__The data__
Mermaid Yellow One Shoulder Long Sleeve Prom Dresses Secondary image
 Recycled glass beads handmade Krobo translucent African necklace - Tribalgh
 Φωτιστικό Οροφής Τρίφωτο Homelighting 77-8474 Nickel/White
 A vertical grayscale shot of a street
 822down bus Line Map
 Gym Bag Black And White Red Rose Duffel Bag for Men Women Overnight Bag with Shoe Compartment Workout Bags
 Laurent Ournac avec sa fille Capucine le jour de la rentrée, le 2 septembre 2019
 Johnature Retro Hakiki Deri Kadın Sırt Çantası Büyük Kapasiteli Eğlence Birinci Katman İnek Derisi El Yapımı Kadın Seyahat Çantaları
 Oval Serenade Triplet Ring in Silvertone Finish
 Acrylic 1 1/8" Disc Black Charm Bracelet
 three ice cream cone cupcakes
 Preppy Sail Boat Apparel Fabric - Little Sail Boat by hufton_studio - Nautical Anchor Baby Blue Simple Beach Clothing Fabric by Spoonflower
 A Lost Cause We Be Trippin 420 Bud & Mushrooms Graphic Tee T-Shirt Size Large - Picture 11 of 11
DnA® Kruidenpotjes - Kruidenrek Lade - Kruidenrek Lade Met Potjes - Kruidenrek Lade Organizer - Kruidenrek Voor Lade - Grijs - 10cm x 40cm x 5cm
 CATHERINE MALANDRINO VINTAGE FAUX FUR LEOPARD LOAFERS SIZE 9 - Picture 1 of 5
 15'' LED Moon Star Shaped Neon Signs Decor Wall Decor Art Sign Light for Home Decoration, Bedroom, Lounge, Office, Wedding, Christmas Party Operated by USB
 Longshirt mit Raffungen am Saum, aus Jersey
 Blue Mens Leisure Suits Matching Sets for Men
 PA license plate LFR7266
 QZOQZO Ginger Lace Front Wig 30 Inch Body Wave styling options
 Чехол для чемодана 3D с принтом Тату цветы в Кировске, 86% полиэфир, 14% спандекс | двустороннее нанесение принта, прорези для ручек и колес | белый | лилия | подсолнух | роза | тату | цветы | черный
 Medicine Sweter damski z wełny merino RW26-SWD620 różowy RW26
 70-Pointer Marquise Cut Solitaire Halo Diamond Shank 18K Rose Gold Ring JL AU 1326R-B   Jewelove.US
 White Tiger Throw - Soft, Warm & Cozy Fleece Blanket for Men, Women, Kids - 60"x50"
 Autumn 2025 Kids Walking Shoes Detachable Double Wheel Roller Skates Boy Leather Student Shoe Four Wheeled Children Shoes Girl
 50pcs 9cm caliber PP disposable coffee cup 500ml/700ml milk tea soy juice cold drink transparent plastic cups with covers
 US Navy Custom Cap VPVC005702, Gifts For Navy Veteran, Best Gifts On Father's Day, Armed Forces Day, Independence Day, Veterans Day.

__Work to be completed__
Please transcribe exactly the lines above from the line that has "Laurent Ournac avec" up to and including the line that has "Black Charm Bracelet"; no other line belongs in the answer.

__Output below__
 Laurent Ournac avec sa fille Capucine le jour de la rentrée, le 2 septembre 2019
 Johnature Retro Hakiki Deri Kadın Sırt Çantası Büyük Kapasiteli Eğlence Birinci Katman İnek Derisi El Yapımı Kadın Seyahat Çantaları
 Oval Serenade Triplet Ring in Silvertone Finish
 Acrylic 1 1/8" Disc Black Charm Bracelet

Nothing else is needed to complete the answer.